Je ne sais plus exactement quel est le premier album de Lucky Luke que j'ai lu, ça doit probablement être un des albums souples brochés de la collection Dupuis, car ils étaient tous chez mes grands parents quand j'étais gosse, je passais des heures à les lire et les relire pendant mes vacances. Mais celui-ci marque un pas important parce que la série changeait d'éditeur et passait chez Dargaud en albums cartonnés, et comme j'étais lecteur du journal Pilote (première formule, celle adolescente encore loin de la formule adulte que ce journal aura plus tard), j'ai découvert cet épisode dans Pilote.
Donc voila, premier album édité chez Dargaud en 1968 après le départ de Morris de chez Dupuis, la Diligence frappe fort d'emblée, je le considère comme un des meilleurs de la série. Goscinny en fait un pastiche et un hommage à un western hollywoodien fameux : la Chevauchée fantastique (Stagecoach), de John Ford en 1939 où John Wayne y faisait une prestation mémorable.

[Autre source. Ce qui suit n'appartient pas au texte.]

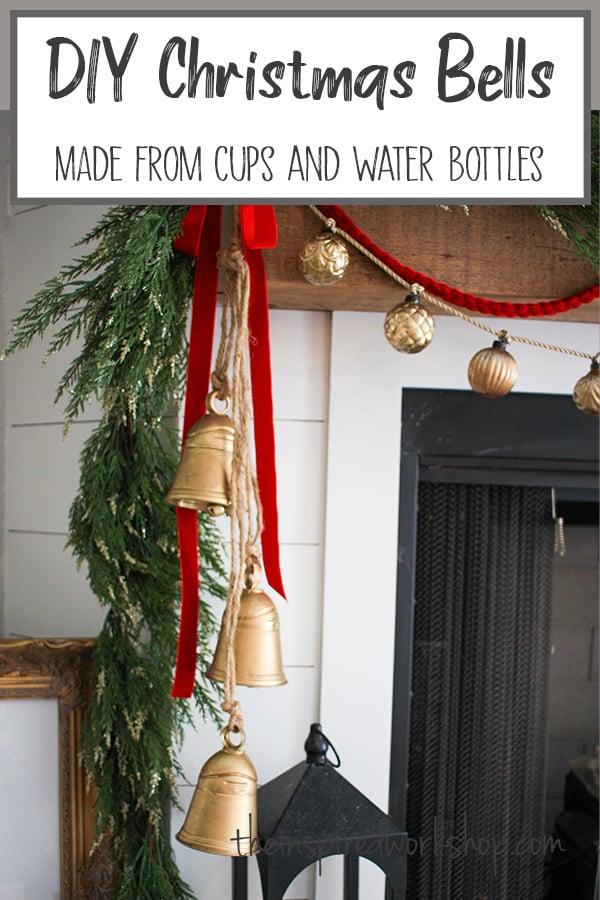 Christmas Bells hanging over the edge of the fireplace with garland and red velvet ribbon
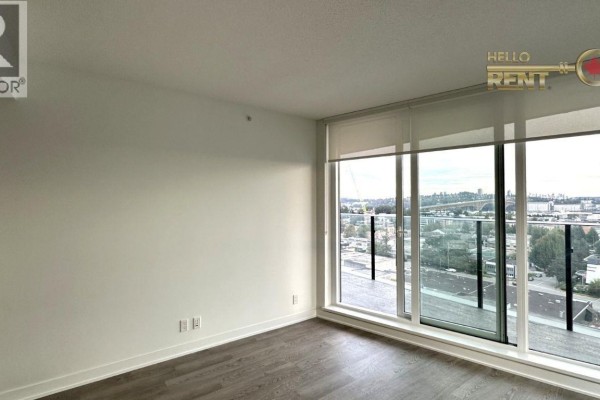 View of the living room area with a large window overlooking the city and water. - 1305 1401 Hunter Street, North Vancouver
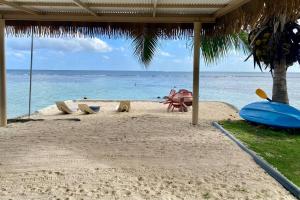 a sandy beach with a view of the ocean at Villa Maui1 in Vaihi +11 photos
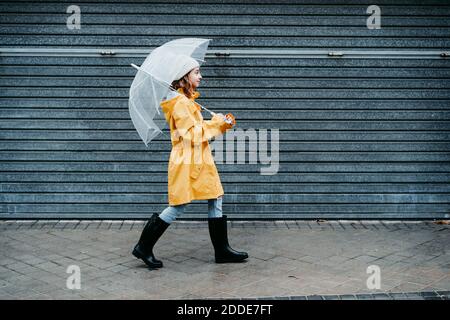 Ragazza che indossa impermeabile e scarpone da salto che tiene l'ombrello mentre cammina sul marciapiede Foto Stock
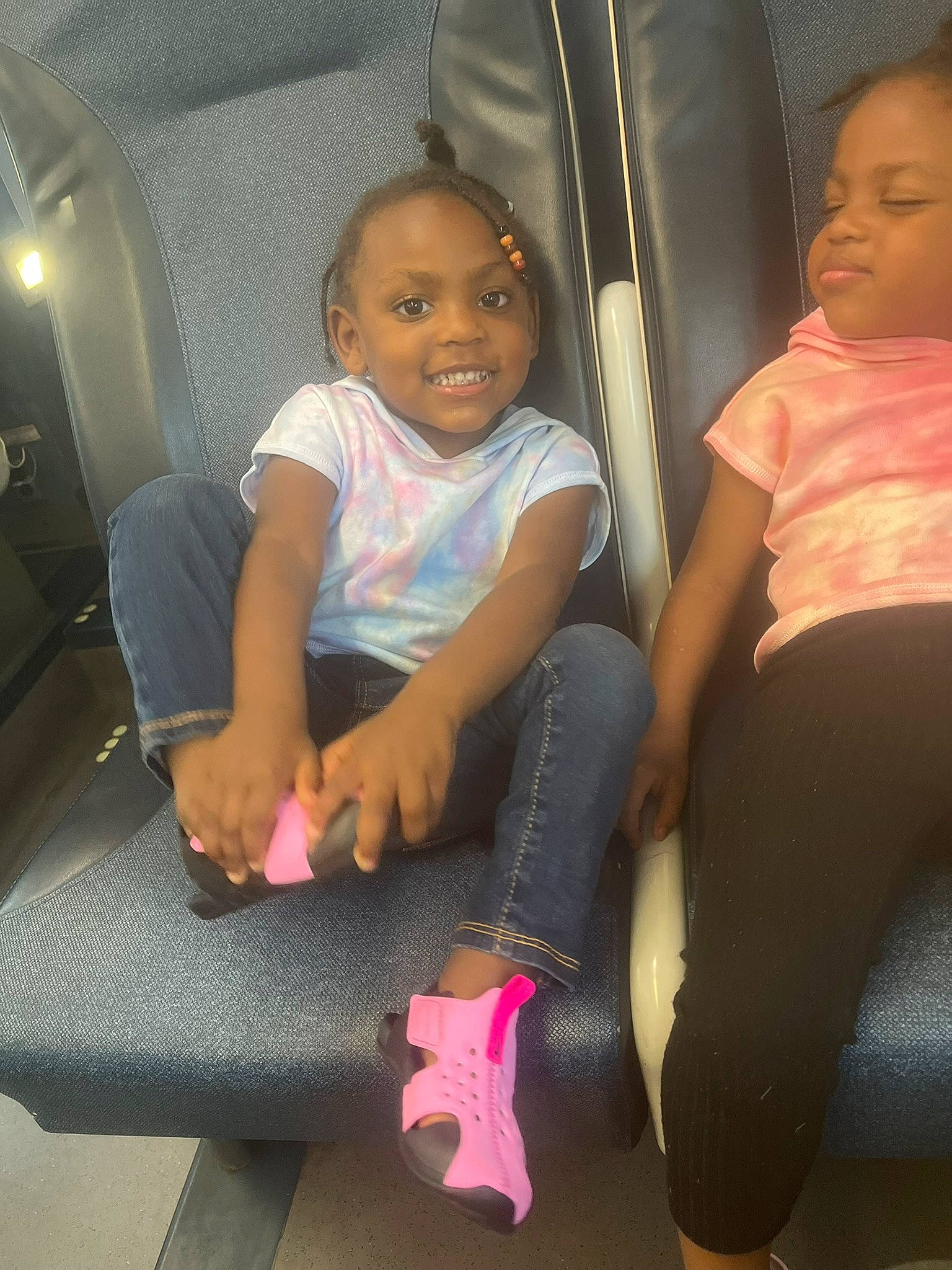 Brianna is registered to the contest to win money with this photo: baby_toddler_clothing, beauty, car_seat, comfort, cool, finger, fun, hairstyle, head, joint, joy, leg, mammal, mouth, person, pink, skin, smile, thigh, thumb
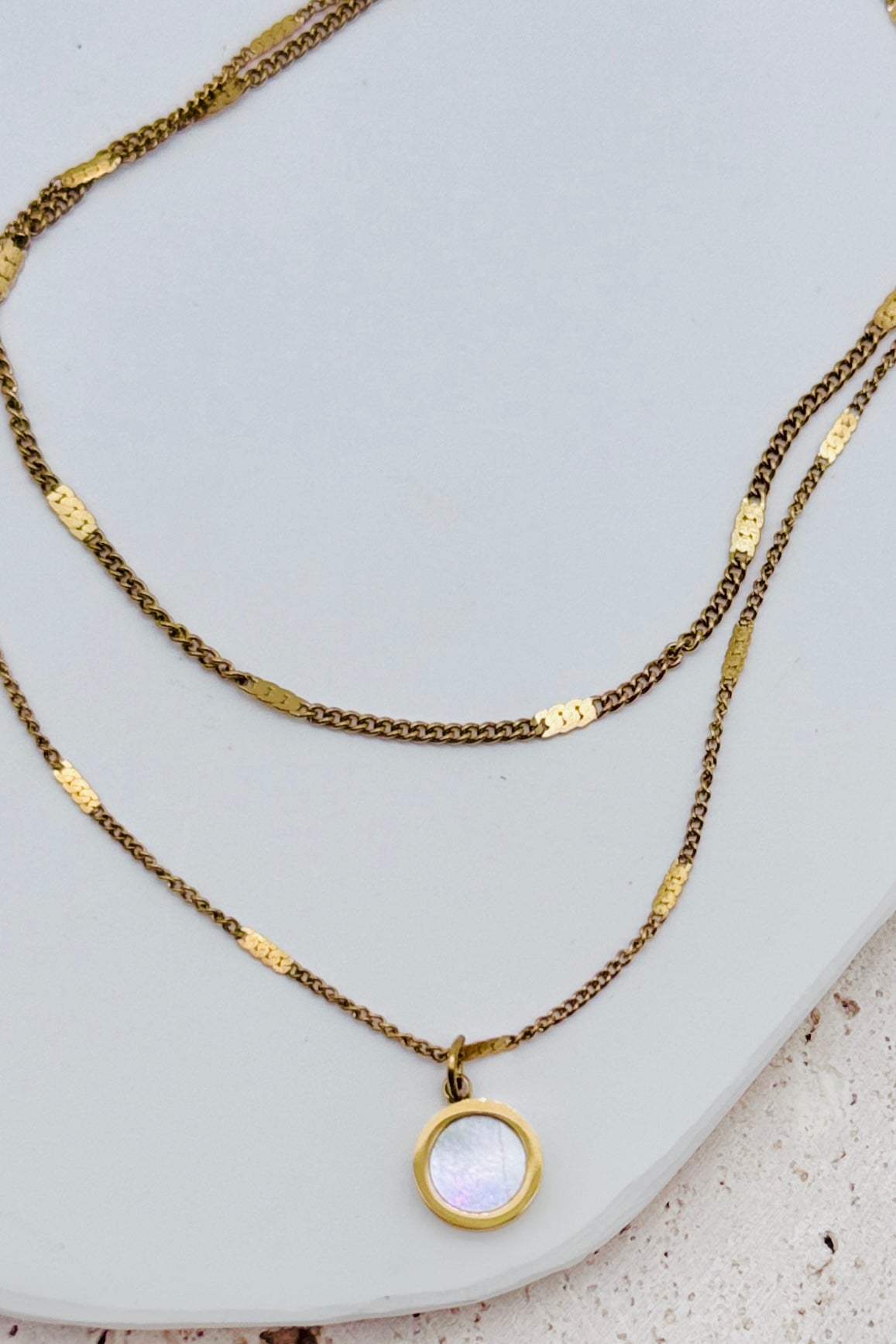 Two gold necklaces with a pendant on a light gray surface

Comme dans le film, Goscinny rassemble un microcosme de personnages de l'Ouest, on y trouve Scat Thumbs, le tricheur pro que Morris dessine sous les traits de l'acteur John Carradine qui tenait un rôle identique dans le film de Ford ; il sauve la vie de Luke menacé par le traître Sinclair en faisant surgir un minuscule revolver de sa manche. On trouve aussi un photographe en quête de sensation, qui sera lui aussi très utile dans la séquence des Indiens, un vieux prospecteur qui ne cesse de perdre son argent en pariant avec Scat, un révérend qui cache bien son jeu, et un couple dont la femme écrase son mari ; celui-ci prendra ensuite sa revanche. Et puis il y a Hank Bully, le cocher, caricature de l'acteur Wallace Beery, grand acteur des années 40 spécialisé dans les rôles à physique ingrat ; c'est un personnage jovial, truculent et bon vivant, le meilleur "fouet" de la compagnie, et il le prouve en dégommant les cigares avec son fouet et avec un très bon gag en page 6, tout en étant un ami de Lucky Luke.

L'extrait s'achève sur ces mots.